For specific detection of myosin light chain, the blots were incubated with a rabbit antiserum generated against recombinant myosin light chain (rMYL1) (dilution 1:10 000 in PBST with 0.1% HSA) and with HRP‐labeled goat anti‐rabbit secondary antibody (Vector laboratories, Burlingame, CA, USA) diluted 1:10 000. Detection of bound IgG was carried out as described above for the IgE immunoblot. The rabbit antiserum was raised against rMYL1 by immunizing a New Zealand White rabbit with the purified rMYL1 protein (by injecting three times 200 µg each of rMLY1, using once Freund's complete and twice Freund's incomplete adjuvant) by Charles River Laboratories (Kissleg, Germany).

Liquid Chromatography Mass Spectrometry (Nano LC‐ESI MS/MS) for Identification of Beef Allergens

IgE‐reactive protein bands were excised from Coomassie Blue stained SDS‐PAGE gels.
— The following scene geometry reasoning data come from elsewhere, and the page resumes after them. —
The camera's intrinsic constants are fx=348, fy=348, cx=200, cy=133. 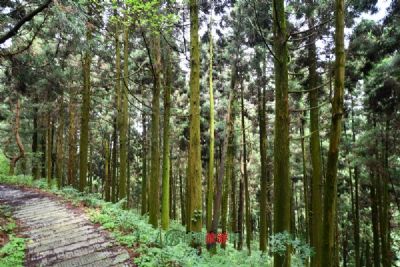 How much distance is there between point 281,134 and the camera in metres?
5.43

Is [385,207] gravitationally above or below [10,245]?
below

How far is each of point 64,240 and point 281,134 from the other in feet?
19.2

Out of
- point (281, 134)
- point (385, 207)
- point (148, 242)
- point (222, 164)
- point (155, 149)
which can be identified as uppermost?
point (281, 134)

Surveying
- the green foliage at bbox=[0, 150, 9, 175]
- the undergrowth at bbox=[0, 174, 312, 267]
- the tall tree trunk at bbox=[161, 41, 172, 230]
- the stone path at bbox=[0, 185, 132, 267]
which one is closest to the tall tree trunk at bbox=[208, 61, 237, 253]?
the tall tree trunk at bbox=[161, 41, 172, 230]

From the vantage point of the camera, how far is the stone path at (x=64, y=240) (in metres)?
6.84

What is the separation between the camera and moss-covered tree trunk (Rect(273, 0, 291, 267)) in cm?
536

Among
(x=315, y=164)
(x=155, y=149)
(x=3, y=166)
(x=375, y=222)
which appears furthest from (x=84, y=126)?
(x=3, y=166)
After washing and destaining, proteins fixed in the gel were reduced with dithiothreitol and alkylated with iodoacetamide.^[ ⁵⁸ ^] In‐gel digestion was performed either using the In‐Gel Tryptic Digestion kit (Thermo Fisher Scientific), or with trypsin (Trypsin Gold, Mass Spectrometry Grade, Promega, Madison, WI, USA) using a final trypsin concentration of 20 ng µL⁻¹ in 50 mM aqueous ammonium bicarbonate and 5 mM CaCl₂ for 8 h at 37 °C.^[ ⁵⁹ ^] Afterwards, peptides were extracted with 5% trifluoroacetic acid (TFA) in 50% aqueous acetonitrile supported by ultrasonication. Extracted peptides were dried down in a vacuum concentrator (Eppendorf, Hamburg, Germany) and then resuspended in 0.1% TFA.

The extracted peptides were then injected into an Ultimate 3000 RSLC system (Dionex), using a 25 cm Acclaim PepMap C18 column (Thermo Fisher Scientific) for separation, which was coupled to a TripleTOF 5600 instrument (Sciex).^[ ⁶⁰ ^] A UniProt database with the species Bos taurus (txid 9913) in combination with the cRAP contaminant‐database was used for identification of the proteins.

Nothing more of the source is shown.